┌─ Extracted information

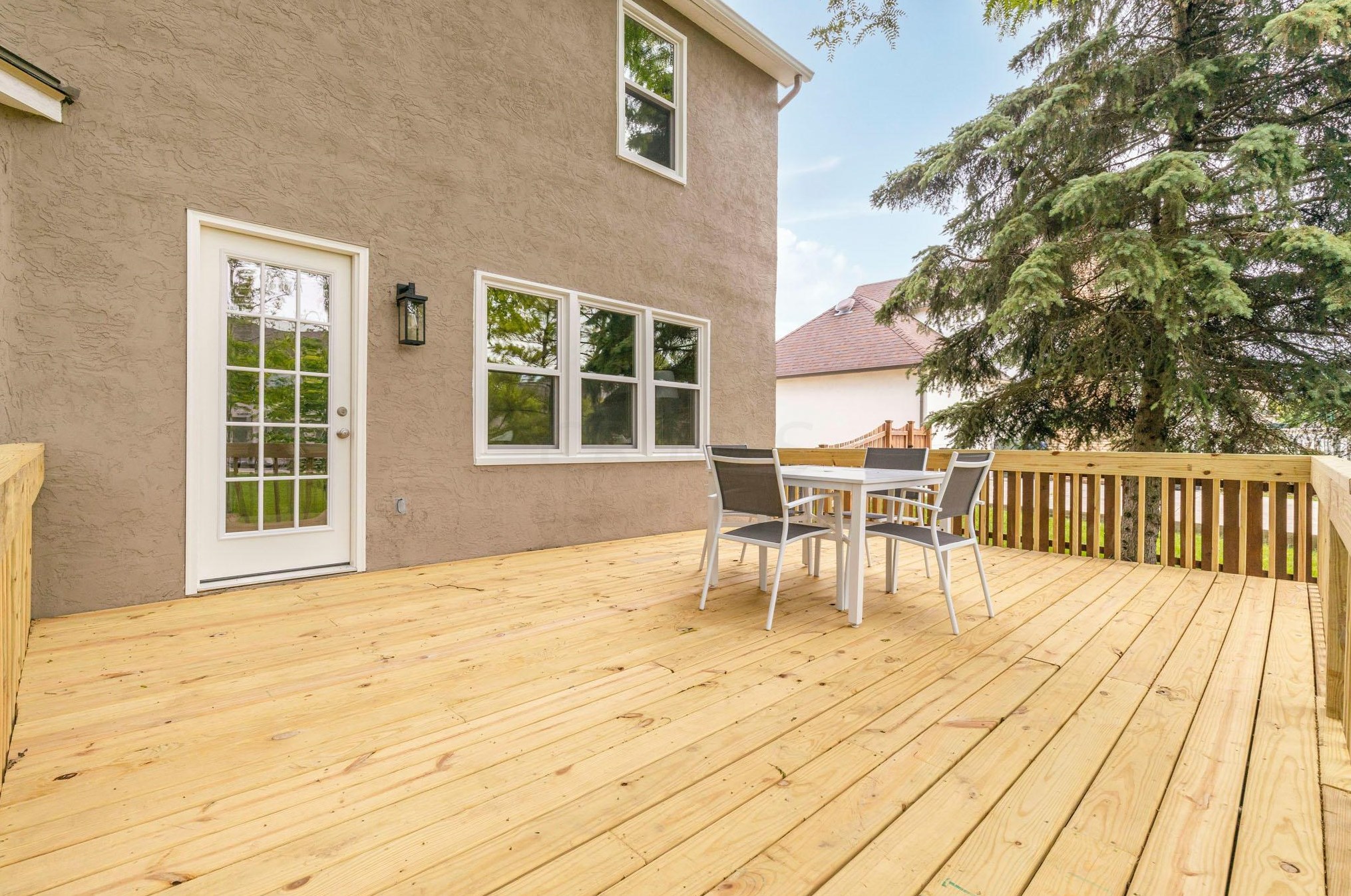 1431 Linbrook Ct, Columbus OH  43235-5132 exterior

└─
┌─ Extracted information

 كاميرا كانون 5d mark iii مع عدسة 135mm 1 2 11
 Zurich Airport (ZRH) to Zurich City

└─

What the exercise asks:
Will you return exactly the lines above from the one with "كاميرا كانون 5d" down to the one with "Zurich Airport (ZRH) to Zurich City", counting both as part of the range?

Result:
 كاميرا كانون 5d mark iii مع عدسة 135mm 1 2 11
 Zurich Airport (ZRH) to Zurich City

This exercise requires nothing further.